A Canon EOS REBEL T3i DSLR camera and a Motorola Z2 Play smartphone were used to capture the images. The cameras were located between the vines lines, facing the vines at distances around 1-2 meters. The EOS REBEL T3i camera captured 240 images, including all Syrah pictures. The Z2 smartphone grabbed 60 images covering all varieties except Syrah . The REBEL images were scaled to 2048 X 1365 pixels and the Z2 images to 2048 X 1536 pixels. More data about the capture process can be found in the Exif data found in the original image files, included in the dataset.
The authors of this paper. T. T. Santos, A. A. Santos and S. Avila captured the images in field. T. T. Santos, L. L. de Souza and S. Avila performed the annotation.
The rectangular bounding boxes identifying the grape clusters were
annotated using the labelImg
tool. The clusters can be under
severe occlusion by leaves, trunks or other clusters. Considering the
absence of 3-D data and on-site annotation, the clusters locations had
to be defined using only a single-view image, so some clusters could be
incorrectly delimited.
A subset of the bounding boxes was selected for mask annotation, using a novel tool developed by the authors and presented in this work. This interactive tool lets the annotator mark grape and background pixels using scribbles, and a graph matching algorithm developed by Noma et al. is employed to perform image segmentation to every pixel in the bounding box, producing a binary mask representing grape/background classification.
The following steps were taken to process the data:
-
Bounding boxes were annotated for each image using the
labelImg
tool. -
Images were resized to W = 2048 pixels. This resolution proved to be practical to mask annotation, a convenient balance between grape detail and time spent by the graph-based segmentation algorithm.
-
A randomly selected subset of images were employed on mask annotation using the interactive tool based on graph matching.
-
All binaries masks were inspected, in search of pixels attributed to more than one grape cluster. The annotator assigned the disputed pixels to the most likely cluster.
-
The bounding boxes were fitted to the masks, which provided a fine tuning of grape clusters locations.
The original resolution images, containing the Exif data provided by the cameras, is available in the dataset.
The dataset is available at GitHub.
The dataset was released in July, 2019.
The data is released under Creative Commons BY-NC 4.0 (Attribution-NonCommercial 4.0 International license). There is a request to cite the corresponding paper if the dataset is used. For commercial use, contact Embrapa Agricultural Informatics business office.

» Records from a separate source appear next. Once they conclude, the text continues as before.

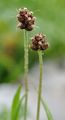 Berg-Wegerich - Plantago atrata Hoppe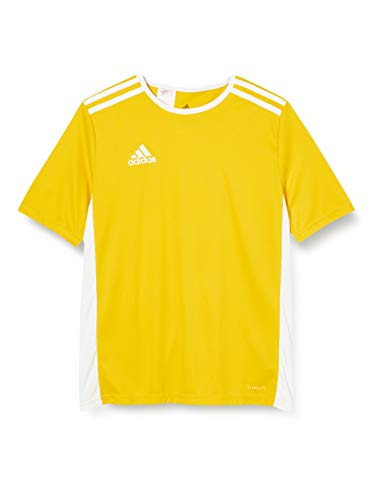 adidas Entrada 18 JSY T-Shirt, Hombre, Yellow/White, L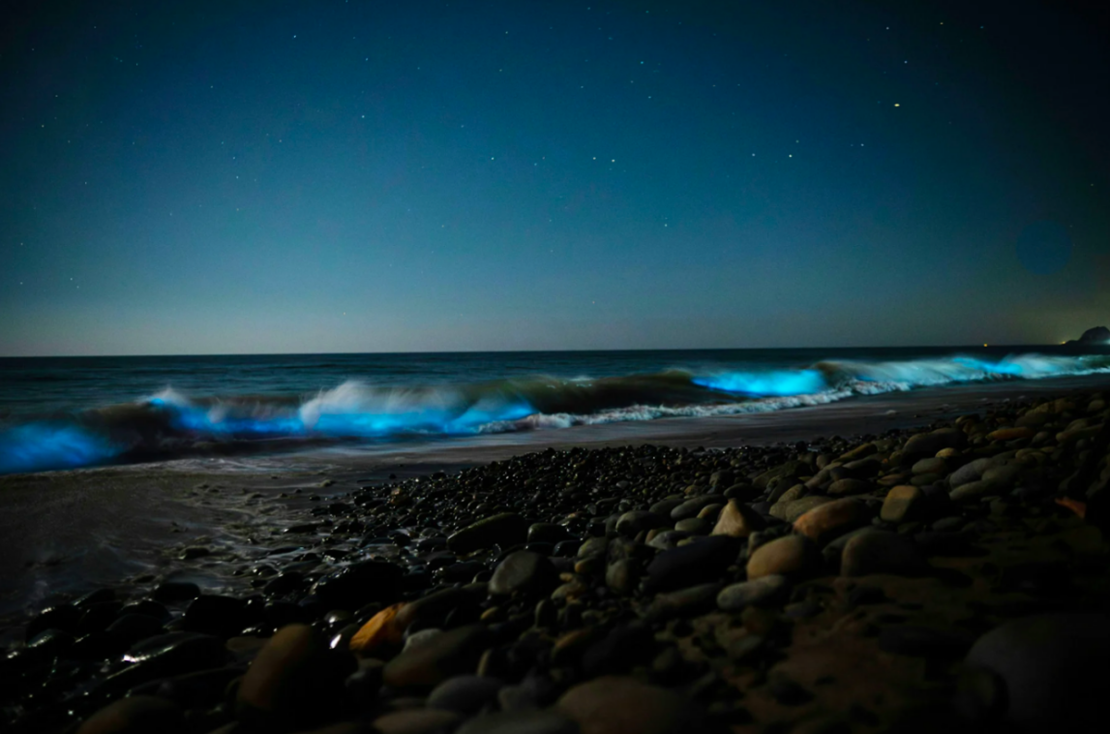 Turismo noturno: cinco destinos para viver a noite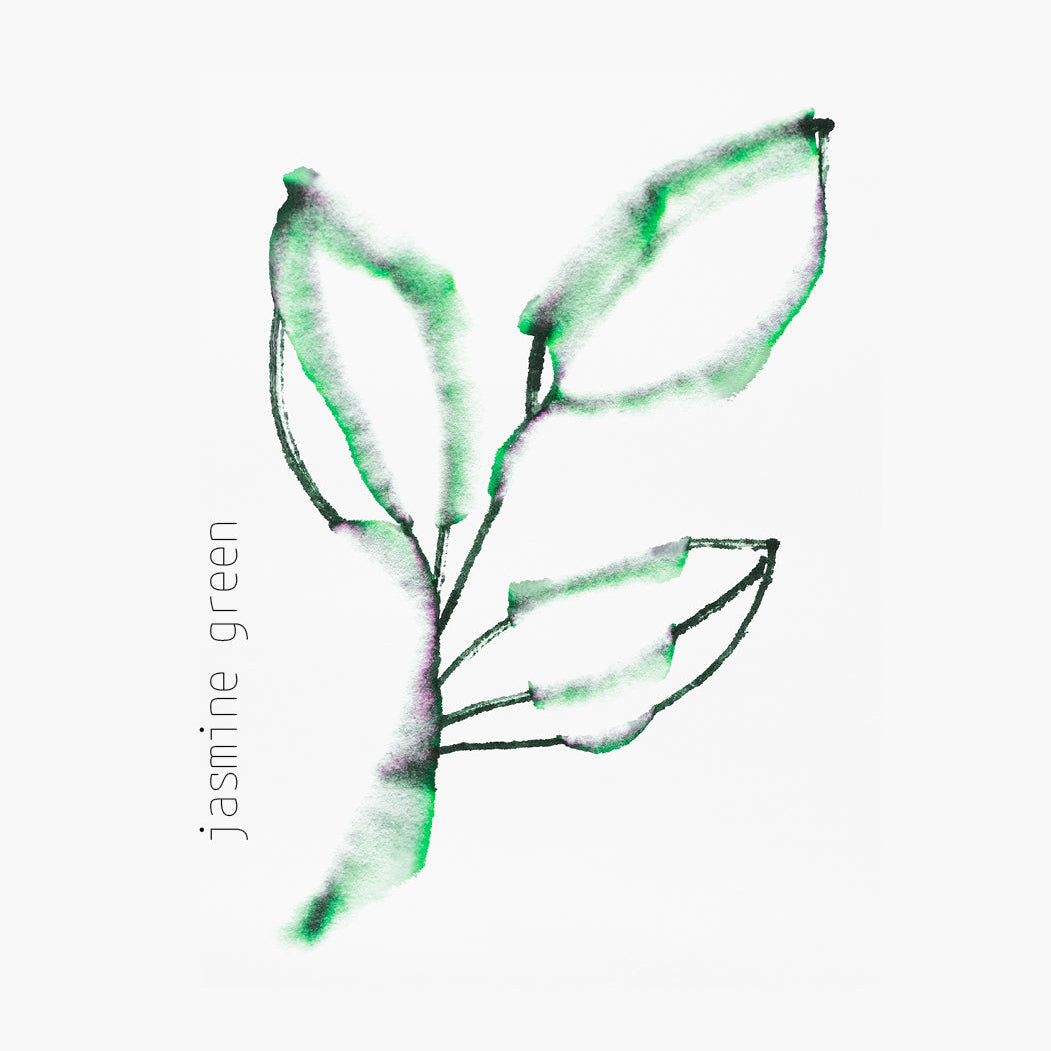 Jasmine Green - 50 gr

There are no fees or restrictions. For commercial use, contact Embrapa Agricultural Informatics business office.
The dataset is hosted at Embrapa Agricultural Informatics and all comments or requests can be sent to Thiago T. Santos (maintainer).
There is no scheduled updates. In case of further updates, releases will be properly tagged at GitHub.
Contributors should contact the maintainer by e-mail.
The maintainers and their institutions are exempt from any liability, judicial or extrajudicial, for any losses or damages arising from the use of the data contained in the image database.